[Problem description] After finding the line with "Chris_Strokes2525 Chaturbate stream" in the data below, set down exactly each line through the one with "Sterling Heights, MI", inclusive, and stop there.

(Recorded data)

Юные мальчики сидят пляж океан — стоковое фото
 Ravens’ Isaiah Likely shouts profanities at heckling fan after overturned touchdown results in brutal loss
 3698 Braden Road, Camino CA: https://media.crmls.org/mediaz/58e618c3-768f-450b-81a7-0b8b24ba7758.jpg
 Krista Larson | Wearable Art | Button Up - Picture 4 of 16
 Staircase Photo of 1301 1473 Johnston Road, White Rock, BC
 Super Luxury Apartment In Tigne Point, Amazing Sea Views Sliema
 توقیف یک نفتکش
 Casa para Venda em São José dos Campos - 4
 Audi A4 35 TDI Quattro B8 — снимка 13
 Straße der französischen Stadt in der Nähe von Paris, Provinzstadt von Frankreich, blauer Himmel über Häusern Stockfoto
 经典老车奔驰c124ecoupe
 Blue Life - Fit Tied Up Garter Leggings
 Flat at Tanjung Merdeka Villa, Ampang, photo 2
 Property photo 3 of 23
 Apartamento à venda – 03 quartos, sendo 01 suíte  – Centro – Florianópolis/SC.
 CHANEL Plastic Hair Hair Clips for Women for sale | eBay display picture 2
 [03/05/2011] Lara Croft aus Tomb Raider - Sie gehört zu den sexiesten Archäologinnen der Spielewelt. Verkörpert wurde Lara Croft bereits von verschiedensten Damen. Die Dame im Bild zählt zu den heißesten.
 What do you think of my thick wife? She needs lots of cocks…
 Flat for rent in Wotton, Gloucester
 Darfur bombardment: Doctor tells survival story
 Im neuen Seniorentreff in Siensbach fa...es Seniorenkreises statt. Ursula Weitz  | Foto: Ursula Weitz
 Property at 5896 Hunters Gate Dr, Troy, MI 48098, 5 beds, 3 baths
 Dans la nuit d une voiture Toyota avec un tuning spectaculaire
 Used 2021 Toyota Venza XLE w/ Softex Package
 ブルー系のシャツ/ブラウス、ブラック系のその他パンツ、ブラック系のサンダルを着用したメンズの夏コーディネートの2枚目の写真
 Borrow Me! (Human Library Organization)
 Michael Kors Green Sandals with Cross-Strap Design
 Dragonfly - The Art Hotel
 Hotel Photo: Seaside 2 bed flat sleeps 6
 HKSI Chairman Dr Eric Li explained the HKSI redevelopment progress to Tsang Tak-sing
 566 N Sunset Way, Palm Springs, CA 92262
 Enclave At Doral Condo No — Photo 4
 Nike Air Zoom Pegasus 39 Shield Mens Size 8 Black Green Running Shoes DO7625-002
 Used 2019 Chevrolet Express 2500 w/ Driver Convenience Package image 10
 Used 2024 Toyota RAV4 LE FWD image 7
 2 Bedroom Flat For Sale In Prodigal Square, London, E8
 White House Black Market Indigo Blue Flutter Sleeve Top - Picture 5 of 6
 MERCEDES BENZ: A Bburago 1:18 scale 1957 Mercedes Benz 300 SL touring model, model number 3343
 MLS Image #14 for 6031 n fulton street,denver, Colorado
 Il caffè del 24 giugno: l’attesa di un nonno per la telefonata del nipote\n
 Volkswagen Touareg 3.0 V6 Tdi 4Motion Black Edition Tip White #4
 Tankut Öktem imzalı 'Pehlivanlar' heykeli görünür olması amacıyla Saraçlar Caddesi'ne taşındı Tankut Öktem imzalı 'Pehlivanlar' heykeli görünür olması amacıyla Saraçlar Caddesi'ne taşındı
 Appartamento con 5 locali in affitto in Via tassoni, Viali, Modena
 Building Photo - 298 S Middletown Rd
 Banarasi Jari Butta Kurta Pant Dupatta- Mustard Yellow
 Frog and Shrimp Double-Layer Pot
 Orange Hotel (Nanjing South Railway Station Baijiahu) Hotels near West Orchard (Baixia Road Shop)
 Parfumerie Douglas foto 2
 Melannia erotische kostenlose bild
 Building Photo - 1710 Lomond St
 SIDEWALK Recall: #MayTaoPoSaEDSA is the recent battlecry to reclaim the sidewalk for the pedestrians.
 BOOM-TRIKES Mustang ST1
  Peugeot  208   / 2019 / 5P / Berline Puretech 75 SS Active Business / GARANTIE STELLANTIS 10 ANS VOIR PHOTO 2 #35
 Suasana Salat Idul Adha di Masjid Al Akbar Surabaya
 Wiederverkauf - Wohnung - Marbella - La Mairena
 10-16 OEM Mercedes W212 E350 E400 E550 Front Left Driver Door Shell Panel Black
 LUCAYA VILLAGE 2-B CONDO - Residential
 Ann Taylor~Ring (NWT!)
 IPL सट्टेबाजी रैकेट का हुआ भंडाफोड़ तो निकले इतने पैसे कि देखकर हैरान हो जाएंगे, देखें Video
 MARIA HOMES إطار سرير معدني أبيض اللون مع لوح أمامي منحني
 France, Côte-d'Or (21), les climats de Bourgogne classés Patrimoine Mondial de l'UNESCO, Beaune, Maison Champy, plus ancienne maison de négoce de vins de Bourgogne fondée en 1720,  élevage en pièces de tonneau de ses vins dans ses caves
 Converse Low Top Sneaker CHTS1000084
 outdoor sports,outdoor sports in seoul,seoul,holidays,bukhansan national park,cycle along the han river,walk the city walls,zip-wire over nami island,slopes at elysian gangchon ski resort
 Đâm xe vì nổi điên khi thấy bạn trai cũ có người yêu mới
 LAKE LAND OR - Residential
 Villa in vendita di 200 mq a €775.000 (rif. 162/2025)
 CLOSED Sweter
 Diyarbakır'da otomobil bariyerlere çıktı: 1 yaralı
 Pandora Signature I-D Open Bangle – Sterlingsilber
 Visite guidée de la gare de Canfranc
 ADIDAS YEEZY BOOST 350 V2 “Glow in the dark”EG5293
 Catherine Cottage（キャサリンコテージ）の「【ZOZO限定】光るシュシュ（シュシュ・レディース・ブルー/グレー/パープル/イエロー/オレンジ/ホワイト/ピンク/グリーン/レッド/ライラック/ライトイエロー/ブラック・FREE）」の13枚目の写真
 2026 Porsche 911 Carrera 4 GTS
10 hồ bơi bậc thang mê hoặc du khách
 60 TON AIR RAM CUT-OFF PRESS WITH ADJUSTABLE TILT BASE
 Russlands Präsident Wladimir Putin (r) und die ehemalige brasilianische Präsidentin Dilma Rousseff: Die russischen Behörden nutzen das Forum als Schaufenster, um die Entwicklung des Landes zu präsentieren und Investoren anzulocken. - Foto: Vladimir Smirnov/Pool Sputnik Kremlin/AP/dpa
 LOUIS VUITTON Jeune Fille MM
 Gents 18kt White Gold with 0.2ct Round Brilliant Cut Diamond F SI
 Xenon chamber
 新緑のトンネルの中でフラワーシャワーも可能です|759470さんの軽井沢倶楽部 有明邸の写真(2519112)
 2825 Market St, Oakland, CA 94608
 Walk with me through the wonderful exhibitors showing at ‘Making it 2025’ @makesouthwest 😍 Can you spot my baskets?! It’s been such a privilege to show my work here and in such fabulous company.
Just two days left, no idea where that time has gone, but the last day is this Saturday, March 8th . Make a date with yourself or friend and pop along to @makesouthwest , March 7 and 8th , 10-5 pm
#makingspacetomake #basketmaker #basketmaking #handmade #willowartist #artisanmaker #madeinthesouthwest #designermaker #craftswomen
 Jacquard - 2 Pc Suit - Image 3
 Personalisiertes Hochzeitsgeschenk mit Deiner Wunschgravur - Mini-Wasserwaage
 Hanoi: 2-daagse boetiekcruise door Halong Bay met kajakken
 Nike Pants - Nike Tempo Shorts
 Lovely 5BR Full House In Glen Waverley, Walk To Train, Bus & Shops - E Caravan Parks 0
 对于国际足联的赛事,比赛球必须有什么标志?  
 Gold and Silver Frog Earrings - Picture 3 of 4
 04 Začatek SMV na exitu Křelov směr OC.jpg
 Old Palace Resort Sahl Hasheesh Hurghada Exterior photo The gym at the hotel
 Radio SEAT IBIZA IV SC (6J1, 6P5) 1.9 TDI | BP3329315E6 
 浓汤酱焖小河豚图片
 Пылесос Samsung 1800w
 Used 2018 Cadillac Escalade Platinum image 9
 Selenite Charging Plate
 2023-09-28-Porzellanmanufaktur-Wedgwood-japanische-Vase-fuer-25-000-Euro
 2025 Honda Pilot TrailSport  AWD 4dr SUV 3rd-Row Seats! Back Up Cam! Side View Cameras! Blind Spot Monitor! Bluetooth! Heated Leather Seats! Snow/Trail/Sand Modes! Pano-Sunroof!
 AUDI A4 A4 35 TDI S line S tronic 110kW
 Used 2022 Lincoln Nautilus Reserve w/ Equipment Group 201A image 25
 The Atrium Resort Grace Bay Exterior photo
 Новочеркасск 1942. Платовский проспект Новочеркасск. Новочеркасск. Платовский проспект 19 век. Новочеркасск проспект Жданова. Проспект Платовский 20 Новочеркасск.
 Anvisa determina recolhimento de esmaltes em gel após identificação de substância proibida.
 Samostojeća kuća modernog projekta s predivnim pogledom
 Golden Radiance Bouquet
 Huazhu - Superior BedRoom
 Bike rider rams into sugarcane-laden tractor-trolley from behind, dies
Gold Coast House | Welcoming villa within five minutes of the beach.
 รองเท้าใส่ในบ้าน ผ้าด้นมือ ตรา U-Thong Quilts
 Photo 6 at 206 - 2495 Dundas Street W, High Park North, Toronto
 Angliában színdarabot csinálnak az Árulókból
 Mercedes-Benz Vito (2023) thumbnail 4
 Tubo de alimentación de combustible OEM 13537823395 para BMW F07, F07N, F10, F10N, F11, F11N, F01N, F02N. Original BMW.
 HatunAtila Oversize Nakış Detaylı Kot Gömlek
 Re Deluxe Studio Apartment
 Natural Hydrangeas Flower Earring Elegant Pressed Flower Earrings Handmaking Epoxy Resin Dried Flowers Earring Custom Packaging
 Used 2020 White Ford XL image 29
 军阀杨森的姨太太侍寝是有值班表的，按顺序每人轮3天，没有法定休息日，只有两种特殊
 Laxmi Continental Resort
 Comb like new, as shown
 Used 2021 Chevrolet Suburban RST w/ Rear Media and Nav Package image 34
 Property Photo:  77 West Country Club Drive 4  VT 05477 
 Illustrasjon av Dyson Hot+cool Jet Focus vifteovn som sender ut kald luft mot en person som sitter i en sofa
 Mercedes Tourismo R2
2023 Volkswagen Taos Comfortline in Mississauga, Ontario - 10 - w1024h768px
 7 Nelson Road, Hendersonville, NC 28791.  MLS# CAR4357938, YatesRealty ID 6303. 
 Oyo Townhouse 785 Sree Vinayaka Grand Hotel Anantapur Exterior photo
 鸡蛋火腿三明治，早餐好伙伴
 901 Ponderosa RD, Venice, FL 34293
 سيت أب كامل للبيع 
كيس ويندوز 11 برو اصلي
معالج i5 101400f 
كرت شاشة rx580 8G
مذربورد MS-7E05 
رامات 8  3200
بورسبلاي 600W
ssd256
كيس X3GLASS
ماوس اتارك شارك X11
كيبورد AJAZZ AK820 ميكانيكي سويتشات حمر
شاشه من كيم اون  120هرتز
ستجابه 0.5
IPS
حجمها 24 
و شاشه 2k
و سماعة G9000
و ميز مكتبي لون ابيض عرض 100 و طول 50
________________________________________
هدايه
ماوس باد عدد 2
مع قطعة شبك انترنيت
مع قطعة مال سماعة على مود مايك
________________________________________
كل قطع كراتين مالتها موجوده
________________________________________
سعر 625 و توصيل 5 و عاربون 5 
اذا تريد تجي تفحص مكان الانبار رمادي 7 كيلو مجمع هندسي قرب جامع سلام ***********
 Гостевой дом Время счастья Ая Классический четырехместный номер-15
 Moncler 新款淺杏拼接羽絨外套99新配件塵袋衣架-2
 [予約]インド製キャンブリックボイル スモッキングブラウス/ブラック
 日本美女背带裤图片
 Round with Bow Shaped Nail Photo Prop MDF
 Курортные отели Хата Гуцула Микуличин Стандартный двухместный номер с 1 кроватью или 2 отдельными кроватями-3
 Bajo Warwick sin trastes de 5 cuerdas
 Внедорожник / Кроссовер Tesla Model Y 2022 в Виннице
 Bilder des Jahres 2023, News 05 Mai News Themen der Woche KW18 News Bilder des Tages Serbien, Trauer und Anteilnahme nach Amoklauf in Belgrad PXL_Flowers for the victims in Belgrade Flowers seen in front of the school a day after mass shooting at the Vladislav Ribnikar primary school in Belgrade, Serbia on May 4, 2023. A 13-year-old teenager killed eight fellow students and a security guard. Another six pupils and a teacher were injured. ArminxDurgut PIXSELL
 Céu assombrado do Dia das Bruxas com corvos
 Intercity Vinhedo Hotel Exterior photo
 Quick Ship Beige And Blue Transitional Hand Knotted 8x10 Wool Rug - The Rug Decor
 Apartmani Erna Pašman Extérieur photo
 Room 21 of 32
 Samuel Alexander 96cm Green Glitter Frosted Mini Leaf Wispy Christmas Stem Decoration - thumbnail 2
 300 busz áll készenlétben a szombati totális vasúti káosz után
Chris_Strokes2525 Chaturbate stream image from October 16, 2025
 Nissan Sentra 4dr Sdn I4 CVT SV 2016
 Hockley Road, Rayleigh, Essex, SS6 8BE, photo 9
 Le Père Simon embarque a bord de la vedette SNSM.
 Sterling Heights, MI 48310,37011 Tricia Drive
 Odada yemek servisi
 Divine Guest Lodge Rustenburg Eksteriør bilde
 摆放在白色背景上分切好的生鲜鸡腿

[Task result]
Chris_Strokes2525 Chaturbate stream image from October 16, 2025
 Nissan Sentra 4dr Sdn I4 CVT SV 2016
 Hockley Road, Rayleigh, Essex, SS6 8BE, photo 9
 Le Père Simon embarque a bord de la vedette SNSM.
 Sterling Heights, MI 48310,37011 Tricia Drive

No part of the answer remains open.